A desativação de cilindros só é possível graças à evolução do gerenciamento eletrônico dos motores, que atualmente usa sensores de detonação, sensores de posição do virabrequim, sensores de oxigênio, de posição da borboleta, acelerador eletrônico etc. A ECU do motor, que é responsável pela desativação, cruza os dados destes sensores para determinar quando o carro está com velocidade constante e carga parcial do acelerador, que é o momento em que a demanda por potência é menor.
Nesse momento, o controle de ignição deixa de disparar a centelha nos cilindros que serão desativados, enquanto o controle de injeção de combustível corta o pulso elétrico que aciona as válvulas injetoras — eliminando desta forma dois componentes da combustão. O pistão, obviamente, continua se movimentando no cilindro desativado, uma vez que ele está conectado aos pistões dos outros cilindros pelo virabrequim.

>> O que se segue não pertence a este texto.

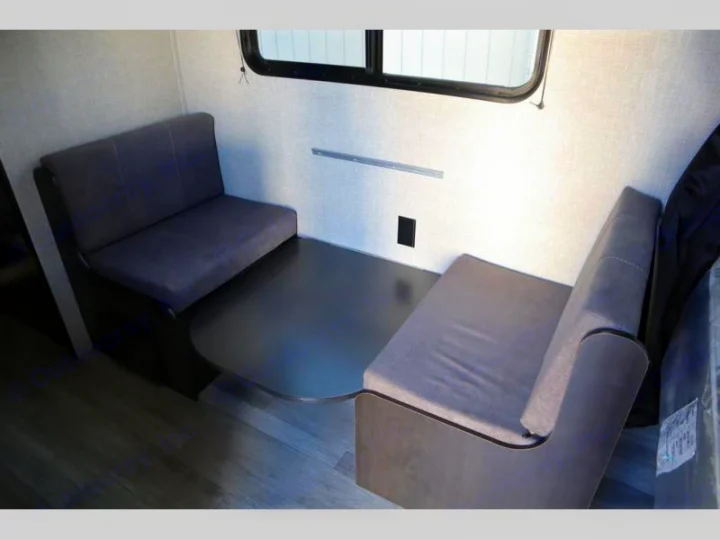 RV rental dinette with grey upholstered benches and dark table, providing seating and dining space inside.. Jayco Jay Flight SLX Baja Edition 2022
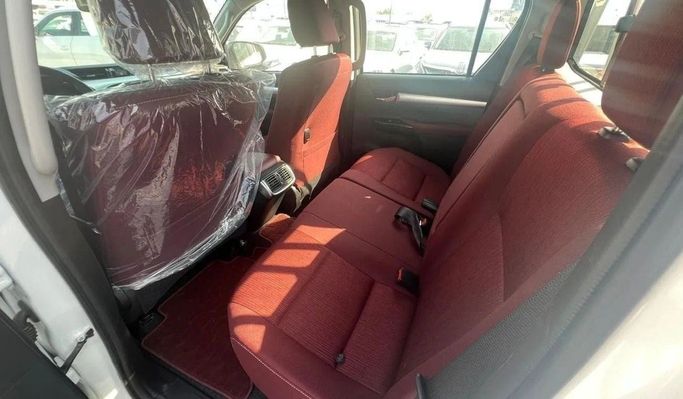 New Toyota Hilux VIII, 2.7 l, 2025 in Dubai by World Center Motors FZE, White color. GCC Specs | AUTO.AE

O outro componente da combustão, o ar, poderia continuar entrando e saindo do cilindro desativado, mas o tempo de compressão causaria um efeito de mola, aumentando a resistência contra o pistão, o que anularia os benefícios da desativação. Este, aliás, é o princípio do freio motor: ocorre o corte do combustível e ignição, e a compressão do ar admitido sem combustível é quem desacelera o motor. Seria possível manter as válvulas abertas, mas a pulsação do cilindro desativado afetaria o fluxo dos gases de escape dos cilindros ativos. Por isso, na desativação de cilindros o gerenciamento dos comandos de válvulas fecha ambas as válvulas após a interrupção da combustão e do esvaziamento dos cilindros, de forma que o pistão não encontre resistência.

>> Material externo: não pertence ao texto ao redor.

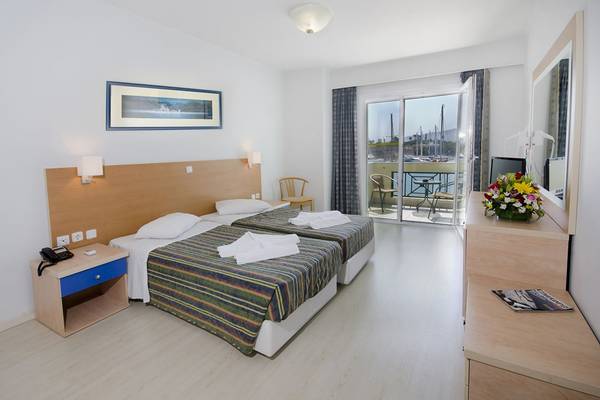 Doppelzimmer im Kosta Palace City Hotel mit zwei Betten, einem Balkon und Meerblick.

É no comando de válvulas que está a parte mais complexa do sistema de deslocamento variável/desativação de cilindros. Como o virabrequim, o comando de válvulas continua atuando sobre as válvulas dos cilindros ativos. Para contornar isso, é preciso usar mecanismos que anulem a ação do comando sobre as válvulas que devem permanecer fechadas. A forma depende do tipo do motor.

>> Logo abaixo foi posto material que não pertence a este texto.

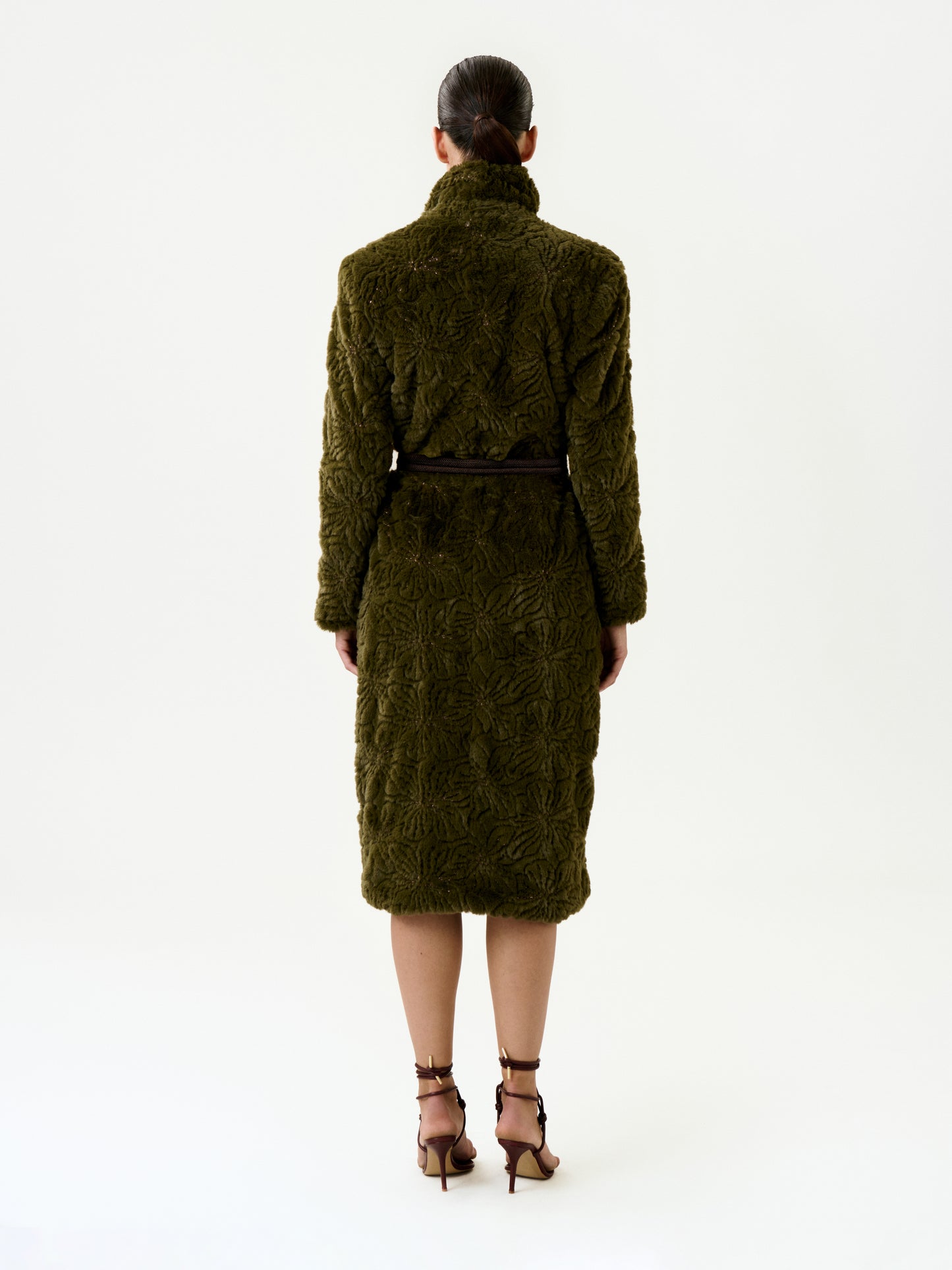 A woman stands facing away against a plain white background, wearing the Emerson Trench—a knee-length, textured olive green coat crafted from luxurious Italian fabric in an oversized fit—cinched at the waist with a black belt and paired with brown heels.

Em motores com comando no bloco, com as válvulas atuadas por varetas (pushrods), os balancins são presos às varetas por pequenos pinos, que são movidos por pressão hidráulica. Quando a desativação de cilindros é acionada, um solenóide altera a pressão do óleo e desloca o pino que trava a vareta no balancim. Desta forma, as varetas continuam se movendo, mas sem mover os balancins, que mantêm as válvulas correspondentes fechadas. Para reativar os cilindros, o solenóide volta a modificar a pressão do óleo, o pino se acopla ao balancim e as válvulas voltam a ser acionadas. Há uma variação deste sistema que
Nos motores com comando no cabeçote há diversas formas de anular o movimento do comando sobre as válvulas. Em comum, todos eles atuam sobre os balancins. Nos mais simples, cada válvula dos cilindros que são desativados (são sempre os mesmos, ok?) usa dois balancins. Um deles é sempre movido pelo comando e não atua sobre as válvulas. A atuação das válvulas é feita pelo outro balancim, mas ele só se move quando é acoplado ao primeiro por um pino, que é movido por pressão hidráulica. Quando o cilindro é desativado, um solenóide altera a pressão do óleo no sistema, o que move o pino e libera este balancim “seguidor”. Desta forma o balancim atuado pelo comando se move separadamente, enquanto o outro permanece parado, mantendo a válvula fechada.
Nos motores Skyactiv da Mazda, o sistema usa uma base móvel no pivô do balancim. Quando o cilindro está ativo, um pino (com acionamento hidráulico) trava o movimento do lado do balancim oposto à válvula. Para manter a válvula fechada, o pino permite o movimento deste lado do balancim, de forma que ele não move as válvulas.
Na Volkswagen, o comando de válvulas tem uma metade deslizante, que é movida por pressão hidráulica e tem um caminho em espiral para deslocar o came da linha do balancim.
O processo parece demorado, mas é praticamente instantâneo com a atual capacidade de gerenciamento eletrônico, sendo muito semelhante à variação do comando de válvulas.